Tiyatrodaki oyunculuğum yapımcıların dikkatini çekmişti. 1985 yılında Kartal Tibet’in yönetmenliğini yaptığı merhum Kemal Sunal’ın ‘Şaban Papucu Yarım’ isimli filmi çekilecekti. Bu film için teklif almıştım sevincimden yerimde duramıyordum. Çünkü hayranı olduğum oyuncuların yer aldığı geniş bir kadro vardı. Kemal Sunal, Adile Naşit, Halit Akçatepe, Reha Yurdakul, Fulya Özcan giibi oyuncularda aynı filmde başrol oynayacaktım. Filmdeki performansım çok beğenilmişti. İzleyici de beni sevmişti tabi…

SONRA NE OLDU PEKİ?

Sonra 1985 yılında çekilen ‘Gurbetçi Şaban’, ’Keriz’, filmlerinde Kemal Sunal ile başrol oynadım. 1987 yılında merhum Tarık Akan ile ‘Çark’isimli sinema filminde başrol oynadım. Tabii ardı ardına birçok sinema filminde oynadım. 4,5 yıl boyunca Yeşilçam’da oynadım. Yeşilçam’ın son dönemlerine denk geldim.

SİNEMANIN USTALARIYLA AYNI FİLMDE OYNAMAK BENİM İÇİN BÜYÜK ŞANSTI

KEMAL SUNAL İLE OYNAMAK NASIL BİR DUYGUYDU?

Onlar Türk Sineması’nın usta oyuncularıydı. Çocukluğumun kahramanları. Onunla başrol oynamak büyük bir şanstı benim için. Kemal Sunal kompleksi olmayan, işinde çok başarılı ve ciddi bir insandı. Sette oyunculuk anlamında bana çok yardımcı olurdu. Kemal Sunal, Adile Naşit, Halit Akçatepe, Münir Özkul gibi usta oyuncularla oynamak benim için büyük şanstı. İyi ki onlarla aynı filmlerde oynamış, aynı seti paylaşmışım. Tabii bu her oyuncu için şanstı bence.

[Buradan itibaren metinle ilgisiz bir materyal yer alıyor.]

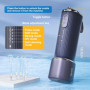 CARER SPARK Hydropulseur Dentaire - Irrigateur Oral Professionnel avec Mode Autonettoyant 4 Modes & 5 Buses Fonction USB Recharg
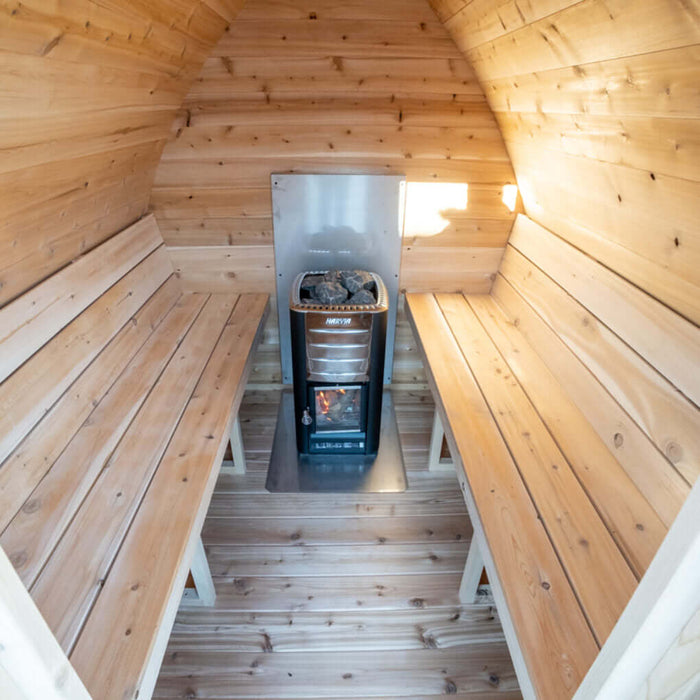Dundalk Leisurecraft Canadian Timber 2-4 Person Outdoor Traditional MiniPOD Sauna | CTC77MW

SİNEMA BİTTİKTEN SONRA NE YAPTINIZ?

Setlerden kopmadım tabi ki… Bu kez TV serüvenim başladı. Bir dönem TRT ekranlarında izlenme rekorları kıran ‘Bay Alkolü Takdimimdir’ isimli dizide rol aldım. Bu dizinin ardından dizi teklifleri almaya başladım ve birçok dizide rol aldım. Yani hiçbir zaman oyunculuktan uzak kalmadım. Tiyatro, sinema ve dizi oyunculuğum devem etti.

TİYATRO BENİM İÇİN BÜYÜK BİR TUTKUDUR

TİYATRO SİZİN İÇİN NE İFADE EDİYOR?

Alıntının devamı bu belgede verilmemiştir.